• DATASET EXCERPT:

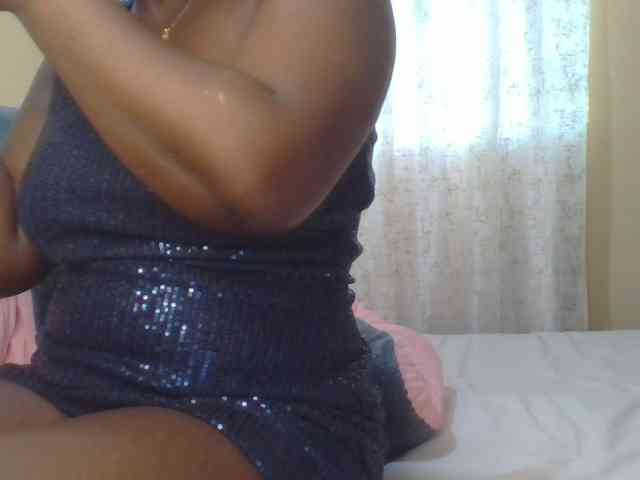 Shantell webcam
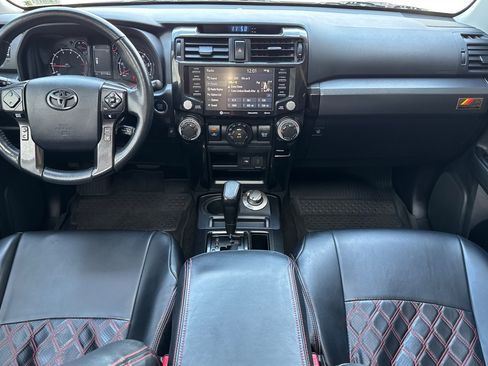 Used 2023 Toyota 4Runner 40th Anniversary SE AWD/4WD image 12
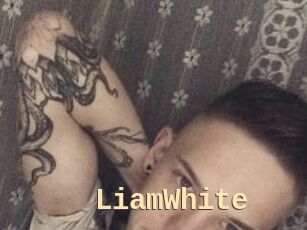 Liam_White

• WHAT TO DO: Write out exactly the lines from the one that contains "Used 2023 Toyota" through the last line of the data above, both included. Leave every picture out.

• RESULT OF THIS TASK:
 Used 2023 Toyota 4Runner 40th Anniversary SE AWD/4WD image 12
 Liam_White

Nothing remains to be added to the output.